Türk milleti ise bu coğrafya da madenleri işlemiş, atı evcilleştirmiş, sulama kanalları ile yüksek seviyede tarım yapmış, tahta kalıplar üzerinden işleyen bir matbaa icat etmiştir.
Türkler bu coğrafya da Kaşgarlı Mahmud’un mirasının taşıyıcılarıdır. Tarım havzasının verimli toprakları yüzyıllar öncesinden yerleşik hayata geçilişin şahidi olmuştur.
Her şeyi bir kenara bıraksak Doğu Türkistan Türklüğünün insanlığa yaptığı sadece bilimsel ve kültürel katkılar sebebi ile bile insanlığın kendilerine borcu vardır.
Yavuz hırsız ev sahibini bastıramayacak, Türk milletine diz çöktürülemeyecektir.
Bizler buradan Çin hükümetine;
“Zulmü kendi tarihine miras olarak bırakma, bu yolu terk et!”

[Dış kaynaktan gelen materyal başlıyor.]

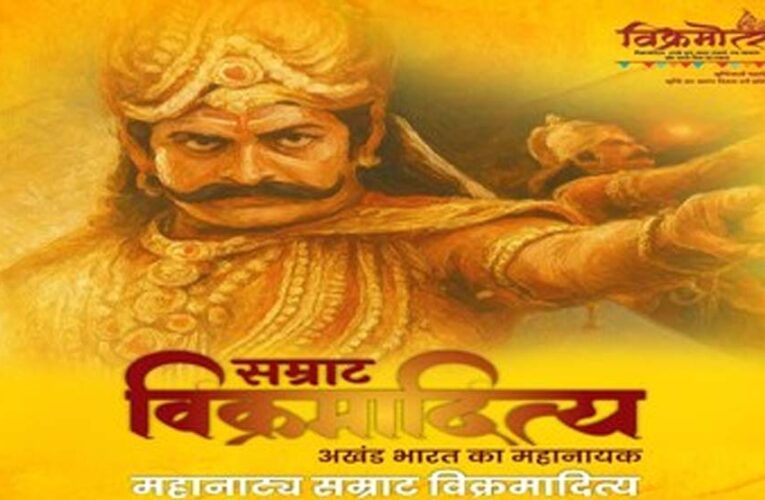 वाराणसी में आज से प्रारंभ होगा ‘सम्राट विक्रमादित्य’ महानाट्य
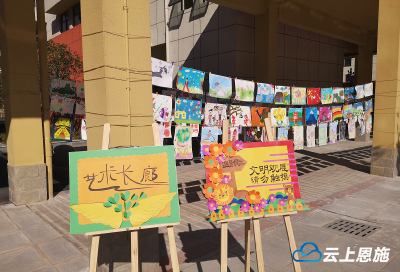 鹤峰：墨韵飘香满校园 千幅小学生书画作品亮相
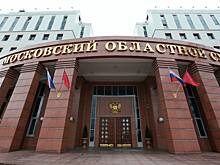 Бывшего главу крупнейшего в России полигона отдали под суд за срыв госзаказа
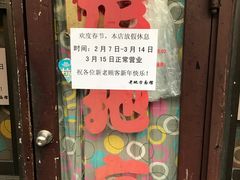 -老地方面馆(思南路店)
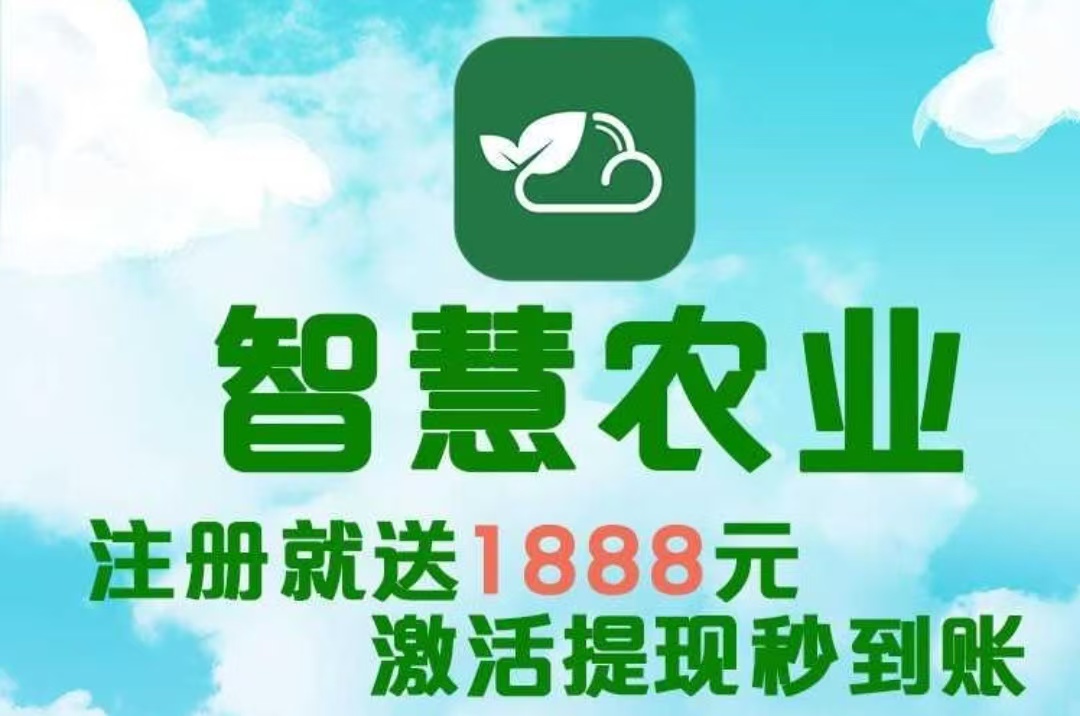 最新首码项目《智慧农业》 农场挂机，注册送1888植物，简单易懂-首码项目网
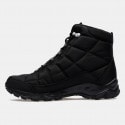 Columbia Ανδρικό Παπούτσι FIRECAMP™ BOOT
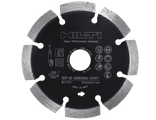 Алмазный диск HILTI SP-S универсальный 125/22 (2117871) - lilmarkt.ru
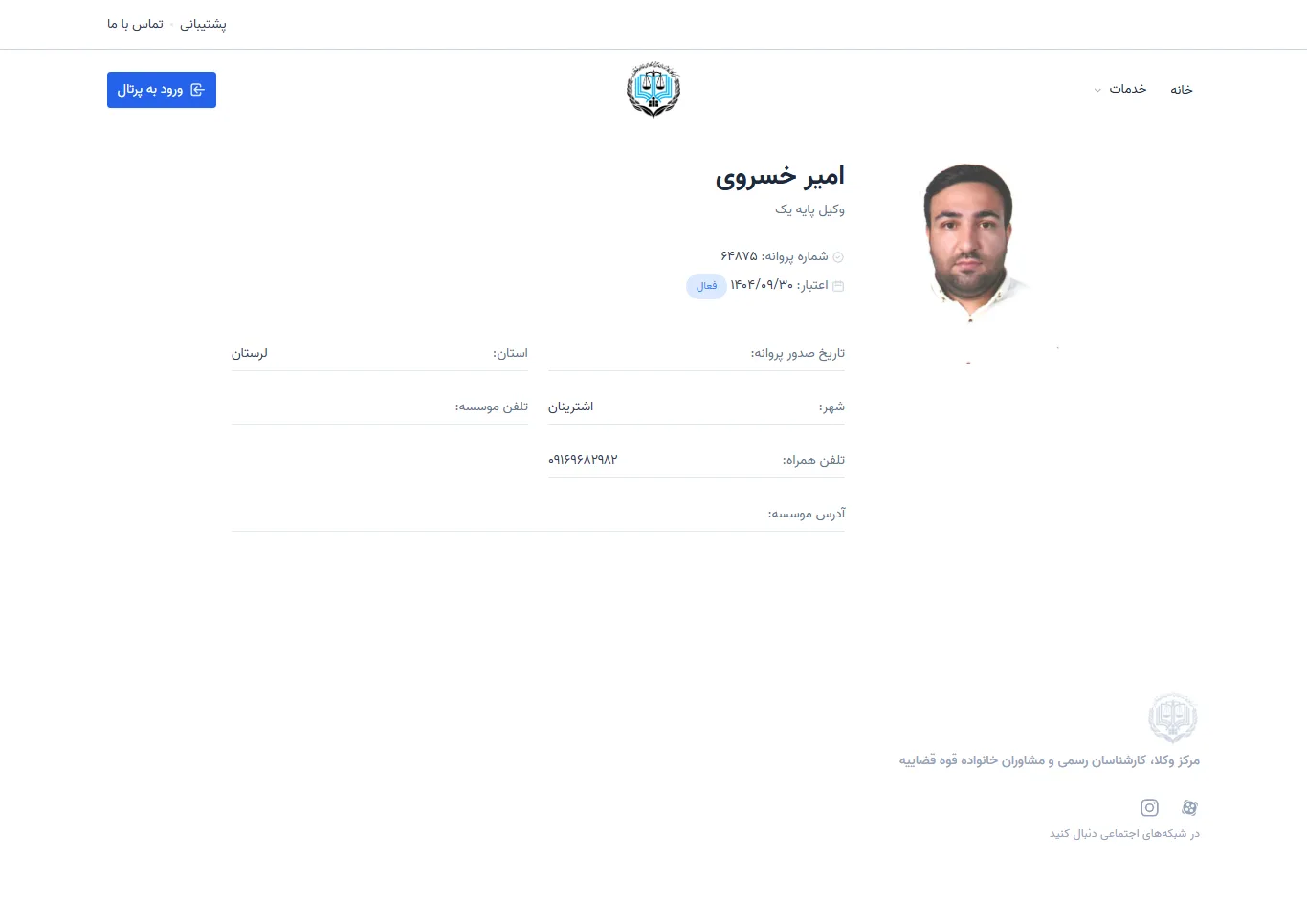 Amir Khosravi profile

Bütün Dünya’ya ve Birleşmiş Milletlere;
“İnsan olmanın onuruna sahip çıkın!
Türkiye ve diğer Türk Cumhuriyetleri hükümetlerine;
“Sustuğunuz ses çıkarmadığınız, tepki göstermediğiniz sürece zulmün artığına ve daha sonra sizlere ulaştığına şahit olacaksınız. Eğer stratejik ve ticari bir çıkar düşünüyorsanız, bu stratejik ve ticari çıkarın gereğini Çin hükümetinden de beklemelisiniz ve gerekli tavrı sergilemelisiniz.”
diye sesleniyor,
dini hassasiyetlerle Filistin, Myanmaar gibi dramlar karşısında avazı çıktığı kadar bağıranlara ise;
“Doğu Türkistan, hem Müslüman, hem de Türk yurdudur. Bu tepkinizi Doğu Türkistan söz konusu olduğunda niye göremiyoruz? Yoksa Doğu Türkistan’ın isminde ki ‘Türk’ sizin için söylenen ‘Türk düşmanlığı’ yargısı için turnusol kağıdı görevi mi yapıyor?”
diye soruyoruz.
Haydi ortaya çıkın ve zulüm söz konusu olduğunda her şart altında her türlü zulme karşı çıktığınızı görelim. Eve lazım olan camiye haram olduğuna göre; zulüm haykırışlarınız ve “Ey!” nidalarınız öncelikle Doğu Türkistan için lazımdır. …ve sizde bu öncelik yoksa tarih diğer nidalarınızın da samimiyetinin olmadığı hükmünü vermekte gecikmeyecektir."